LTV Overview

Career Focus

Launching Technology Ventures (LTV) is designed for four types of students:
  1. Those who will start their own companies.
  2. Those who will join early-stage startups (typically in a product manager, business development, sales, marketing, or growth role).
  3. Those who will work at growth stage technology firms (in a similar range of roles) that try to maintain a similar, nimble operating model as a startup.
  4. Those who are interested in investing in startups.
The class focus is on pre-product-market fit technology-based ventures in a range of information technology-based sectors. Business models covered range from SaaS to freemium to e-commerce to transaction-based.

Educational Objectives

The course takes the perspective of founders struggling to achieve product market fit in their early-stage startups. Our cases focus on founder decision during this search and discovery phase, both in the experiments that they design and run as well as the organizations they try to form.

LTV has a tactical, implementation bias rather than a strategic one and will largely avoid concepts covered in Entrepreneurial Finance and Founders' Journey. There is a modest overlap with Product Management 101/102 and Entrepreneurial Sales, and Entrepreneurial Marketing, but LTV is solely focused on pre-product-market fit and the perspective of the founder. In that regard, LTV is a complementary to Scaling Tech Ventures (STV), which focused more on post product-market fit startups.

LTV helps students learn the playbook for finding product-market fit while learning to design business models for success, answering the question why some startups are valued at only 2x revenue while others are valued at 20x.

Course Content

Through a series of case studies and intimate conversations with startup founder, LTV students examine management challenges in early-stage startups and the range of experiments that are conducted during this phase of development. Taking the perspective that a startup is an experimentation machine and that those experiments should cover all facets of the startup’s business model, we will explore six modules:

  1. Ideation and Customer Value Proposition Experiments. What are the best methods to develop and test startup ideas early in the development process? What are the right analytical techniques to derive insight into the power of a value proposition, conduct customer discovery, and determine whether a startup has achieved product-market fit?
  2. Go to Market Experiments. What is the right mix of direct and indirect selling efforts and at what phase in the startup's lifecycle should each be employed? How can founders themselves be the most effective sales engine for an early-stage company, even though it clearly does not scale as a go to market approach? What is the optimal mix of different customer acquisition methods, such as growth hacking, SEO, SEM, email, and affiliate programs? How should a startup think about working with channel partners or other gatekeepers in the face of asymmetric bargaining power and potentially divergent interests? What are the best practices for attracting and managing developers who can leverage a platform's API?
  3. Business Model Experiments. When is the best time to trigger monetization experiments and how should a freemium model be best executed?

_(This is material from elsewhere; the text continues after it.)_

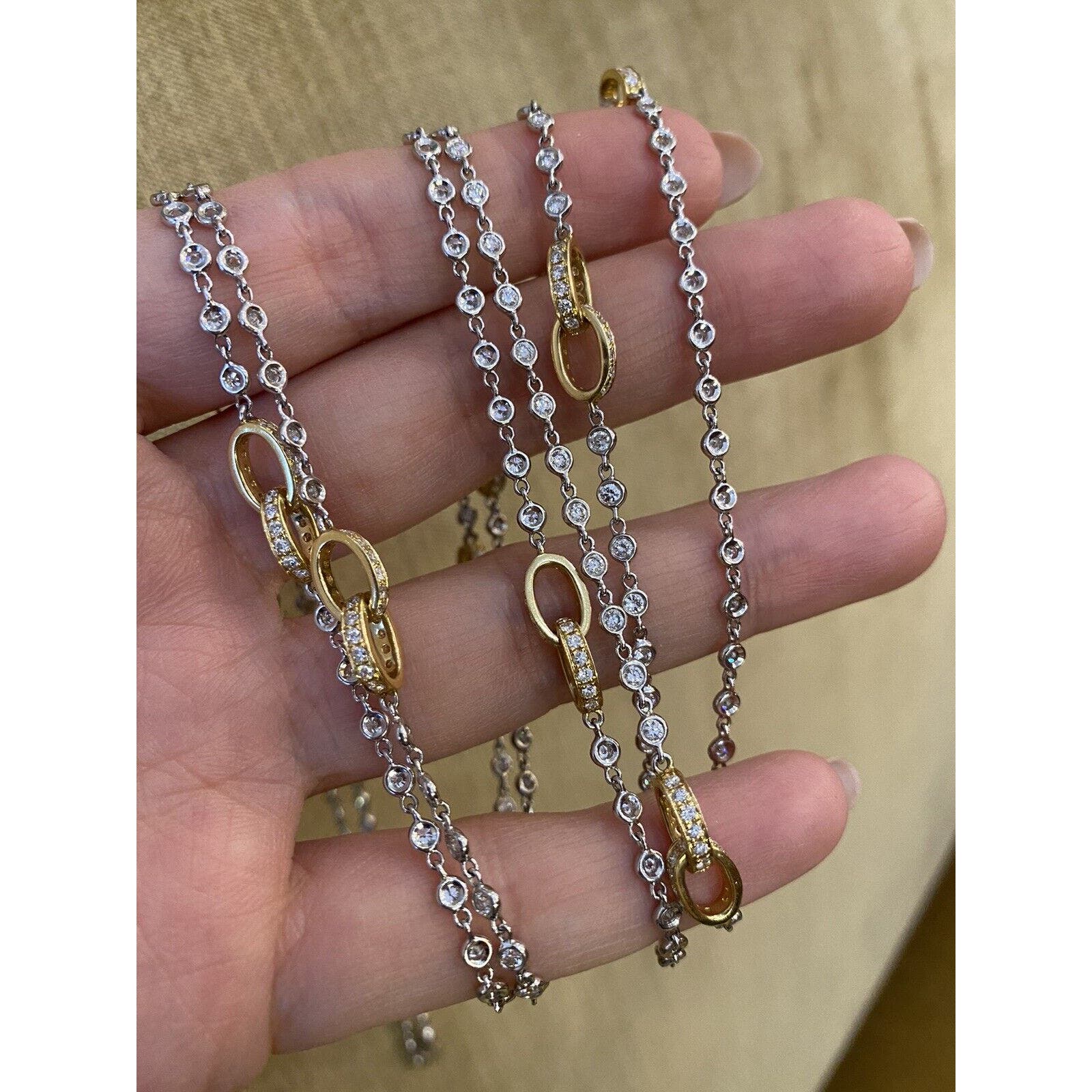 49" Diamond By the Yard Necklace with 8.00 ct TW 18k White/Yellow Gold-HM2203V5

What are the different pricing and business model approaches that a startup can take, particularly when trying to deploy an innovative model and drive adoption in the context of a network effect-based business opportunity? How does one evaluate the quality of the startup business model and appreciate the relative pros and cons of business model choices?
  4. The Startup Organization. What is the best design for a startup organization intended to effectively execute on running startup experiments? When should a seed stage startup recruit its first sales professional and what hiring criteria should they use? The first marketing hire? How can a growth organization be created and how should it interact with the other functions, particularly product and marketing? When is the right time to build a community team? How can modern, flexible product development techniques, such as agile and continuous deployment, be utilized to enhance the rate of experimentation and thus the chances that product-market fit can be achieved?
  5. Financing and Exits. What is the best way to align financing needs with a startup’s operating plan, considering the key milestones and valuation inflection points ahead? If things are going well, or (all too frequently) not well, how should a founder consider and navigate exit options?
  6. Ethics. What are the important ethical considerations that a startup founder needs to consider, particularly as they face key moments such as financing and exit opportunities? How are a founder’s obligations to stakeholders challenged under pressure and uncertainty? More broadly, why does the startup ecosystem contain so many market failures that lead to biases and inequities – particularly in terms of access to capital for female entrepreneurs and entrepreneurs of color?

The course has 25 cases, 2 exercises (one focused on startup business model deconstruction using current student’s startups and the other on pitching pre-seed/seed stage financing) along with a wrap-up session. In nearly all of the cases, the case protagonist will be a class guest. Case protagonists are 50% female, 50% male, and racially diverse. In addition to meeting the case protagonists in class, coffees and lunches are arranged to allow for more intimate exposure to a wide range of startup founders and investors, helping students build a strong network in startupland.